That's definitely how I experience it, I consider myself ambiverted in terms of functions, though as I'm behaviorally introverted its simpler to posit as INFP.


----------



## Deftodon (Jul 27, 2013)

He wasn't talking about MBTI types though. 

You just need to read the descriptions of his pure types to know that most people are not like that, especially INxJs.


----------



## ButterflyWingsNDayDreams (May 4, 2014)

It may also be possible to be multiple types. For example, you could be bubbly and very outgoing like an ENFP, but you could also enjoy debating and sticking to your opinions like an ENTP. There are so many subcategories within these types, no two people are alike. Just 16 personalities for over 7 billion people? I don't think so.

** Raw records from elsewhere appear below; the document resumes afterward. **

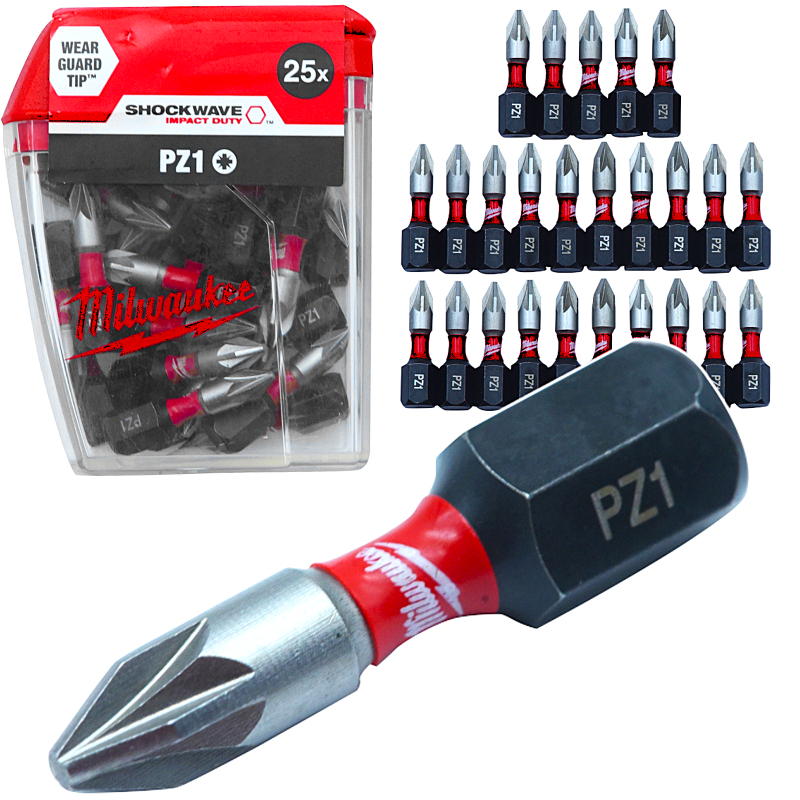 Біта SHOCKWAVE MILWAUKEE, PZ1, 25мм НАБІР - 25 шт (4932430861)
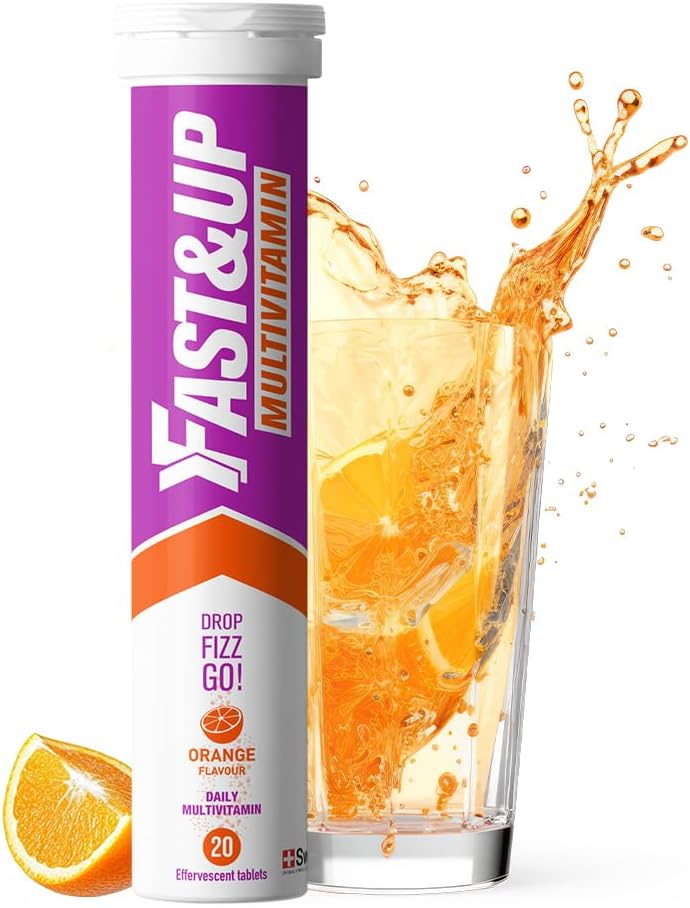 Fast&Up Multivitamin – Complete Multivitamin Supplement – All Day Energy – 20 Effervescent Tablets – Supports Immune System – Orange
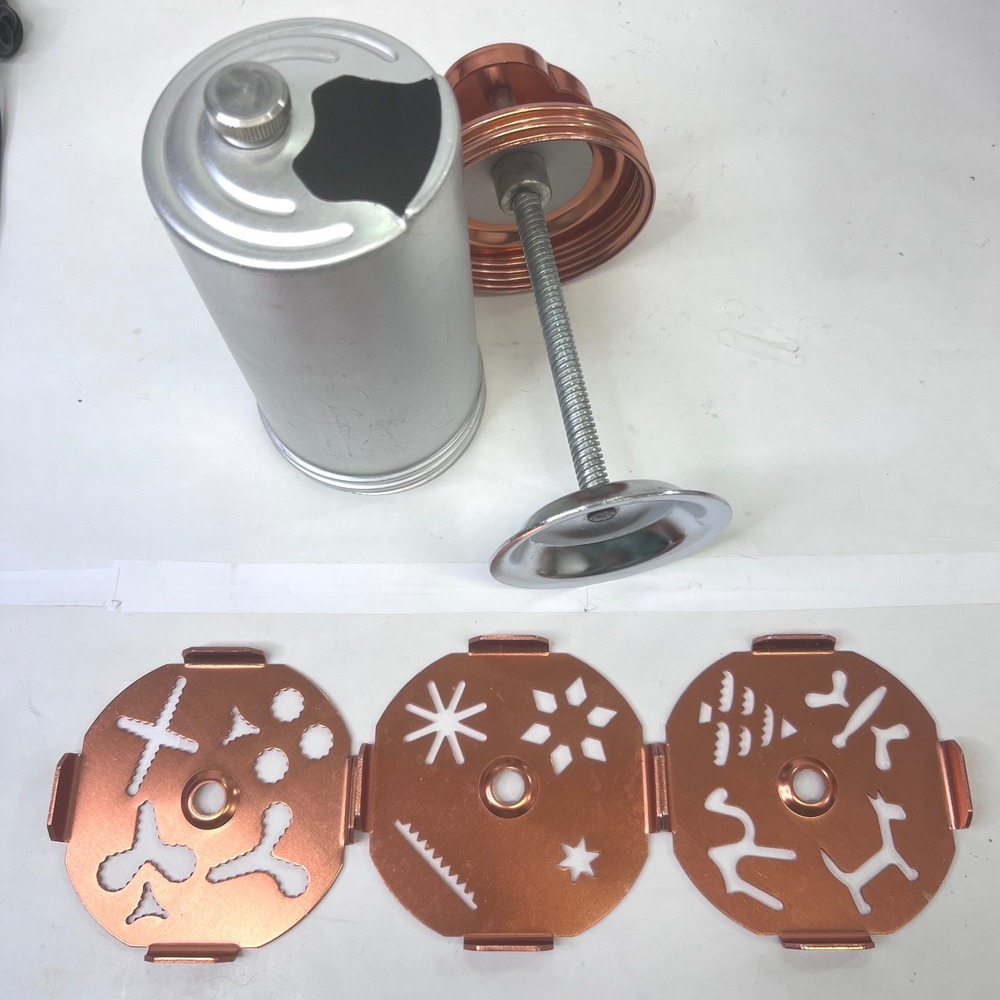 Vintage Aluminum Cookie Press Spritz Maker with 3 Copper Tone Design Discs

I just think it's easier to look at it in a limited amount of categories.


----------



## Entropic (Jun 15, 2012)

ButterflyWingsNDayDreams said:


> It may also be possible to be multiple types. For example, you could be bubbly and very outgoing like an ENFP, but you could also enjoy debating and sticking to your opinions like an ENTP. There are so many subcategories within these types, no two people are alike. Just 16 personalities for over 7 billion people? I don't think so. I just think it's easier to look at it in a limited amount of categories.


I'm sorry but this is a vast simplification of the actual theory. That's not how it works in my opinion. If we can just change type on the fly there is no point in having discreet categories in the first place.


----------



## ButterflyWingsNDayDreams (May 4, 2014)

ephemereality said:


> I'm sorry but this is a vast simplification of the actual theory. That's not how it works in my opinion. If we can just change type on the fly there is no point in having discreet categories in the first place.


Do you not agree that people can be multiple types? Do you really think that EVERYONE fits into just one type? Or are you implying that you don't like the way I've introduced this idea


----------



## Mutant Hive Queen (Oct 29, 2013)

ephemereality said:


> 1. Differentation matters in the sense that the ego consciously indulges in the perspective, which in itself does not really suggest potential. It is more about obvious expression really. How likely are they to express such a perspective, indulge in it, live in it? I can PM you with examples of members on this site who I think are well-differentiated.


I would actually like this PM as well. (Plus maybe a quick thought on where I stand if I'm not on the differentiated list. XD)

Meanwhile, though. this actually leads me to another question for you (because I'm curious about your opinion, honestly):

Is the degree of differentiation one has capable of changing, you think? As (for example) a previously strong thinker starts to overload analyzing things logically and begins to rely more on personal preferences and values to pick up the slack?


----------